Tutto questo solo per dire che fare questi tavoli di lavoro, come quello per la costruzione del Patto Educativo di Comunità di cui faccio parte, non significa perdere tempo e riempirsi la bocca di parole inutili e basta, ma trasformare un’idea di rete di persone in una collaborazione molto fattiva e concreta, con una fortissima valenza propositiva e progettuale che tante volte si attiva già il giorno dopo essersi incontrati.
Fare un tavolo di lavoro significa anche condividere criticità e ostacoli, ma non lamentandosi e basta perché, se da soli quegli ostacoli potevano sembrarci insormontabili, facendo brainstorming con le diverse competenze e i diversi ruoli professionali di chi sta intorno a quel tavolo spesso si accendono lampadine preziose che, magicamente, indicano una strada possibile e praticabile per la risoluzione di quel problema.
Fare un tavolo di lavoro significa conoscere altre persone, capire cosa fanno di mestiere e come potrebbero aiutarci a fare meglio; significa entrare in contatto con realtà del quartiere di cui fino a ieri nemmeno sospettavamo l’esistenza e poterle far conoscere ad altri; significa valorizzare e potenziare ciò che già esiste e funziona e imparare fare un nuovo tipo di comunicazione, non solo virtuale ma anche e soprattutto operativa.
Da ultimo: fare un tavolo di lavoro territoriale significa che un bel po’ di persone si ritrovano a lavorare insieme, non più da sole e non solo davanti a un computer; significa che molti cominciano a credere di nuovo che le realtà di quartiere possano diventare, per tutti i minori che le abitano e per le loro famiglie, punti di scambio, di incontro e di aiuto, un po’ com’era una volta.
E così, da quando sono docente referente per i servizi sul territorio ho finalmente ricominciato a sognare in grande, ritrovando quell’entusiasmo iniziale che temevo di aver perso per sempre.
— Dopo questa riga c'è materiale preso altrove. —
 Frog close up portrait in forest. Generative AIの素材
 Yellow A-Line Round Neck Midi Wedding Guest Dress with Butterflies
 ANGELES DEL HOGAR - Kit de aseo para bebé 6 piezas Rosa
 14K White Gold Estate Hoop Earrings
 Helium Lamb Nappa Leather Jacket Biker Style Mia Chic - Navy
Sogno una scuola nuova, al centro del – e aperta sul – proprio territorio, una scuola che non vuole creare alunni perfetti capaci di restituire un miliardo di conoscenze a memoria; una scuola imperfetta, fatta di persone umane e imperfette, che desidera però ardentemente aiutare ragazzi altrettanto imperfetti a diventare i cittadini attivi e responsabili di domani.
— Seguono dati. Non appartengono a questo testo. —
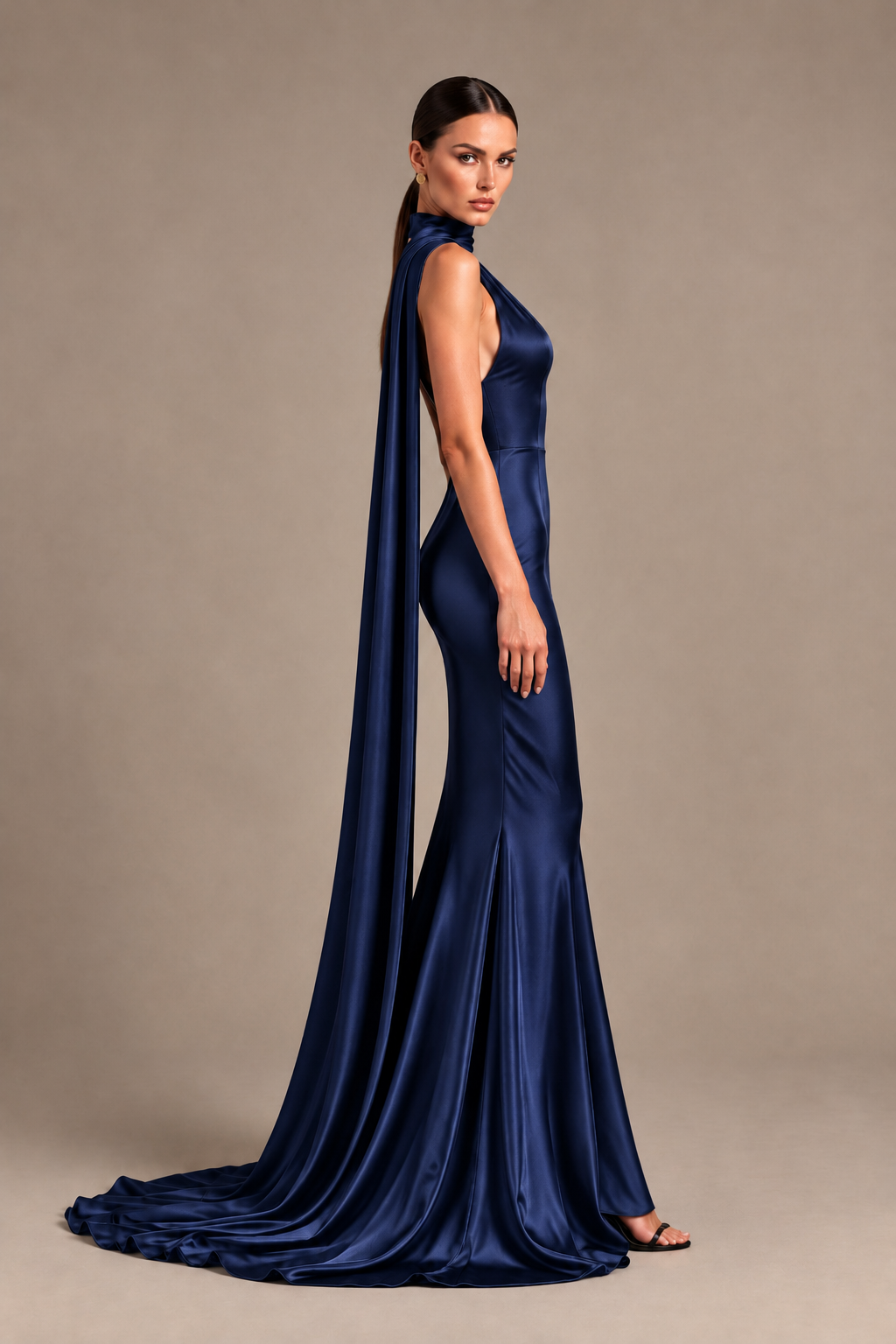 BOLODOO Navy Blue One-Shoulder Satin Mermaid Evening Dress with Scarf - Navy Blue - Navy Blue_3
Sogno una scuola di quartiere capace di diventare il catalizzatore, il centro nevralgico e propulsivo della progettualità attiva sul territorio rivolta ai minori, un posto in cui alunni e docenti possano recarsi tutte le mattine contenti e sicuri di trovarsi nel posto giusto per loro e sentendosi “a casa”. Sogno di poter davvero sperimentare in classe, prima di andare in pensione, una didattica innovativa e più vicina alle nuove generazioni. Sogno una scuola nuova che possa veramente attribuirsi, non da sola ma insieme a tutte le realtà con cui collabora sul territorio circostante, quel nome un po’ altisonante e ambizioso che è “comunità educante”.